É tudo muito verde, há jardins e hortas em canteiros semiflutuantes a que chamam de chinampas – é dessa região que sai boa parte das flores, frutas e verduras vendidas em mercados da capital.
Turistas são muito bem-vindos pelos empreendedores locais. Dá para enxergar um cifrãozinho em cada pupila de quem se aproxima das embarcações. No início é divertido, depois passa a ser incômodo os outros barcos se aproximando da trajinera para oferecer de tudo: flores, artesanato, comida, bebida...

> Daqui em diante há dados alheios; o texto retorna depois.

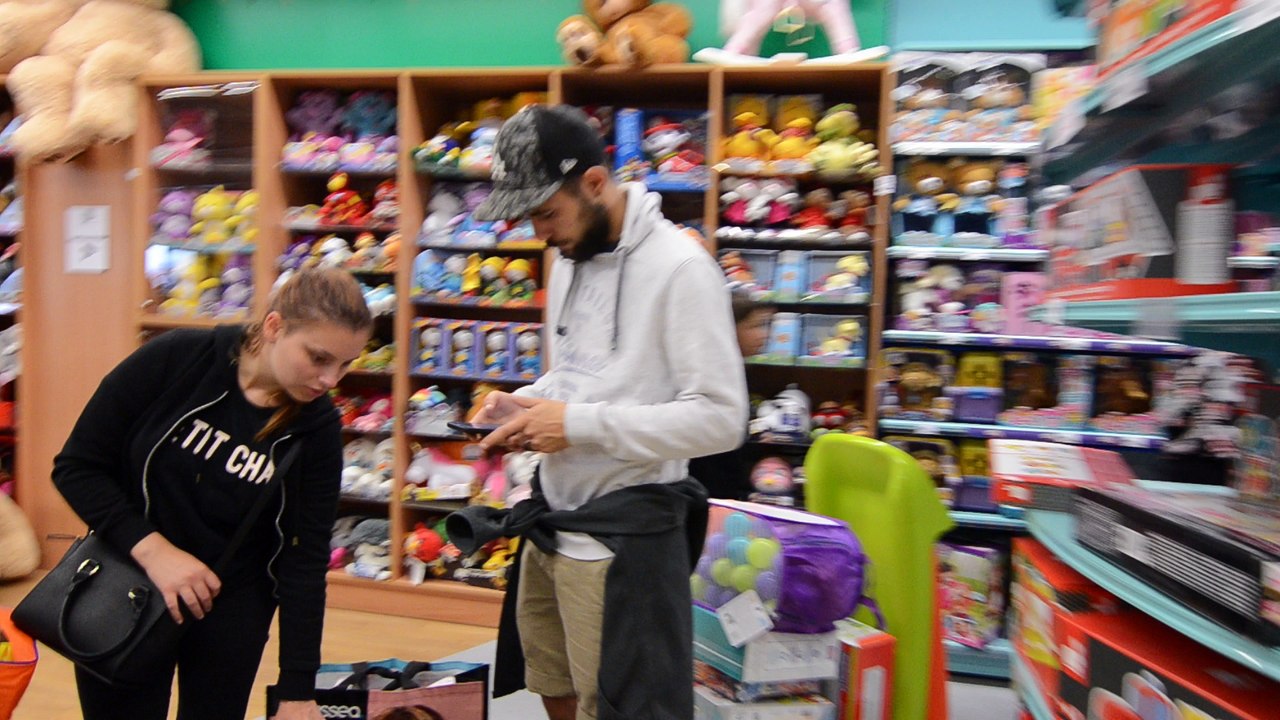 Un couple fait le point sur leurs achats à la Grande Récré de Hannut.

Mas há no trajeto outras cenas que compensam: um piquenique familiar, uma festa de casamento e as paradas rápidas para quem precisa urgentemente de um banheiro, posicionado estrategicamente às margens. E há, claro, trajineras que conduzem mariachis. A primeira, ao longe, parecia uma visão. A música era conhecida, divertida, e tinha tudo a ver com o lugar. Pelo menos para nós. E eles vêm chegando, chegando, chegando muito perto. Até emparelharem com nosso barco. Até colocarem o pé no nosso barco. Até ficarem dentro dele!
Fotos, fotos, fotos. As roupas típicas, os instrumentos, as músicas. Fotos, fotos, fotos. E toca essa e toca aquela e pede mais uma. Mais uma, mais uma. Que lindo, como são simpáticos e criativos.
Até descobrirmos que cada música tocada valia alguns muitos pesos, que cada foto também tinha seu preço e que esse pacotinho custaria muito mais caro do que o resto todo do passeio. Azar. Viva: A vida é uma festa.